# success, almost



## sseipel133 (Oct 23, 2009)

So after re-installing freebsd I was able to get xorg and gnome. When starting xorg I had the same problem as before, no keyboard or mouse, and had to restart the computer to get out of it. I know, edit /etc/rc.conf, right? I did that with ee, and typed hald_enabled="YES" and dbus_enabled="YES". Also gdm_enabled="YES". The only thing that has changed since doing that is that now I have 3 terminals when I "startx" where before I had 2. Still cannot type or move cursor.By the way, I was logged in as root, and I know that the changes were saved.
What else can be done to be able to use the keyboard and mouse, and have a desktop environment?


----------



## DutchDaemon (Oct 24, 2009)

It's hald_enable, dbus_enable and gdm_enable.


----------



## Beastie (Oct 24, 2009)

First, it's *_enable* not *_enabled*.
No need to reboot, just do:
`# /usr/local/etc/rc.d/dbus start`
`# /usr/local/etc/rc.d/hal start`

And second, for xinit/startx you need a valid ~/.xinitrc file, and in other cases you might need a valid ~/.xsession file instead. Read the chapter about X11 in the handbook.


----------



## sseipel133 (Oct 24, 2009)

Thanks. I will try that. Hopefully that was my problem all along.
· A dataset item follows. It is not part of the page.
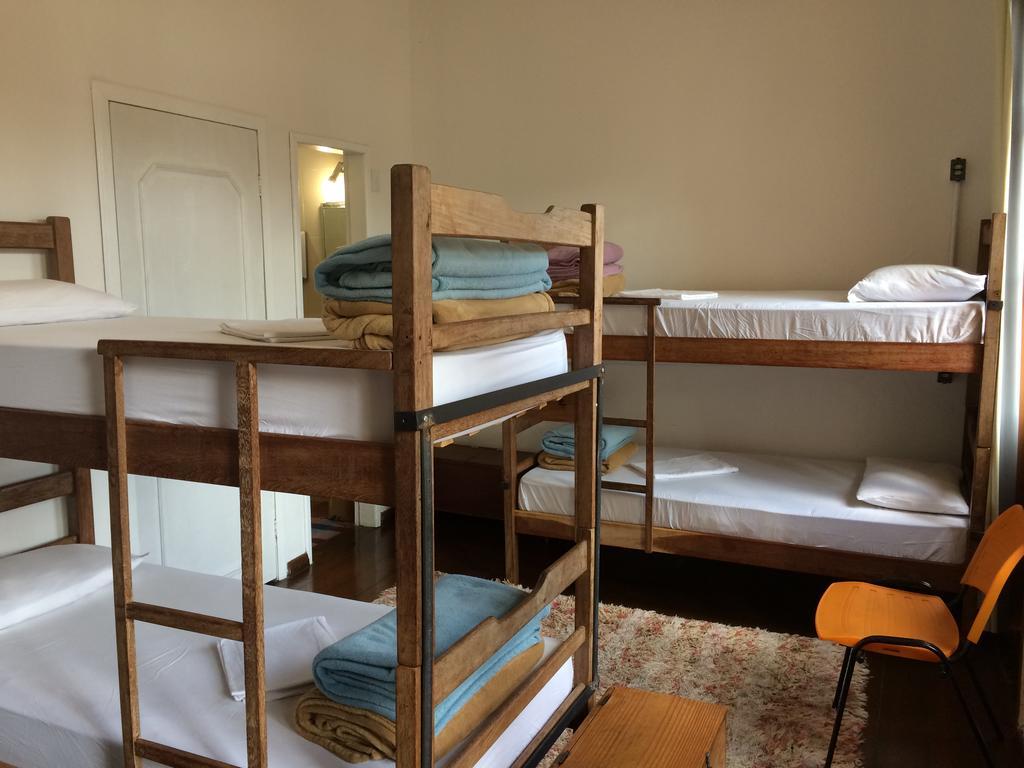 Trilhas De Minas Hostel Estamos Atendendo Em Um Novo Endereco!!! Confira Nossa Nova Pagina! Ouro Preto  Dış mekan fotoğraf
Funny how little typo's can make a big difference.


----------



## DutchDaemon (Oct 24, 2009)

A computer does what you tell it to do, not what you want it to do


----------



## vermaden (Oct 26, 2009)

@sseipel133

Many people have this problem, I have created short HOWTO for that:
http://forums.freebsd.org/showthread.php?t=7956


----------